The second option I HIGHLY recommend you NEVER use, is the “Auto execution of unexecuted task” option. This is specified in the Advanced Options of each individual backup job. If you enable this, then it will automatically run whatever backups are missed when a system restarts. Take the example above of the server that would BSOD – it would therefore start up and within 60 seconds of the server starting, it would run the missed backup jobs. This would place EVEN MORE load on the server and cause more problems still. Note that this feature is there to run backups that are missed regardless of the reason, so if you have your server shutdown for other maintenace, power outage etc, it will also automatically run backup jobs after it comes back up.
The third option I suggest you NEVER use is the “Enable concurrent task execution” – this allows for multiple jobs to be run AT THE SAME TIME. Now this might be fine if you have a massively high performance disk array, but it’s not something you want to do at all for the majority of servers as it will cause a server to freeze at times. End result will be that the client will likely power the server off which is even worse.
Bad Disk Configuration – this is something we see often. An example of this is a server with a HP B110i SATA RAID controller with NO additional caching. This server had 2 x 2TB drives in a RAID 1 configuration with no caching at all on the controller. Furthermore the server was configured with 3 partitions on the disks which is normally not an issue either. What compounded the issue further still was that there was a single backup job created to allow all three partitions to be backed up at once. This is a big mistake on a machine configured like this. You can see in the log below, that the backup starts at 8:05 in this instance, and it takes 4 minutes and 21 seconds to do the VSS Snapshot – during this time the server effectively pauses many of it’s operations so that it can snapshot the current state of the server. Why does it take so long? It takes so long because it’s trying to snapshot 3 partitions of information back to itself, therefore the disk IO is massively overloaded.

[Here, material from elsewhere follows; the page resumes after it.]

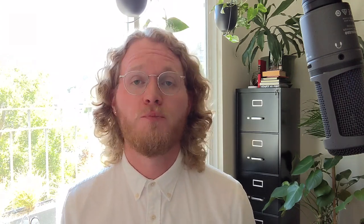Our next question comes from Marcus M, who asks: what if you're making animated action scenes? Can firearms and whatnot be included? There's a lot of interest around anime-style animations which include action-based entertainment like those you'd see in Marvel and other high-profile movies. When it comes to firearms within animated content, we don't even define that as firearms-related content. What you would have to be conscious of is our violence guidelines, our shocking content guidelines, and occasionally our inappropriate language guidelines. But for a direct answer: animated content featuring a gun is not what we consider firearm-related content.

Solutions here could include,
- Add a Hardware RAID Cache to the controller
- Create three individual backup jobs configured to run at different non conflicting times
- All of the above
BSOD or Hard Powering off of the server – at all costs you need to avoid this. StorageCraft has some cool methods to track the changes made to the disks while the server is running (won’t go into it here). But these methods rely on the server being shutdown correctly rather than crashing. If the server is powered off correctly, then it can use the cool technology within ShadowProtect to create the image using a VDIFF which is very fast and the best way to minimise the backup time. You can see above that the backup shown is being created by VDIFF by the line “image will be created by VDIFF” – this tells you that it’s the fastest way StorageCraft can do the image. If however you have the server BSOD, or you power it off with the power button, then the information StorageCraft needs to create the VDIFF backup is lost. It instead reverts to a DIFFGEN. You can see this in the log file below “Incremental image will be created from existing full by using DiffGen”
When an image is created by DiffGen, it compares the existing backup image chain with what is on the disk right now to determine what has changed and then create an incremental backup. This process is EXTREMELY slow as it has to read and compare each sector across the entire image chain. If you happen to be watching the Time remaining counter or the speed counters within ShadowProtect when it’s doing a DiffGen, you will see they fluctuate wildly as it goes over and over the image chain. Once it has completed this backup however, it will revert to doing a VDIFF backup once again.
Now – imagine if you will a clients server with pretty much ALL of the above issues at once… yeah… you get idea. It’s pretty easy to configure a great product like ShadowProtect VERY badly and create a massively bad impression on the client. From what I’m told, the previous IT provide blamed the product for all of these failings. Funny though that once we resolve them as best we can, the server performs much better (still not great due to the disk configuration) but much better and stable too!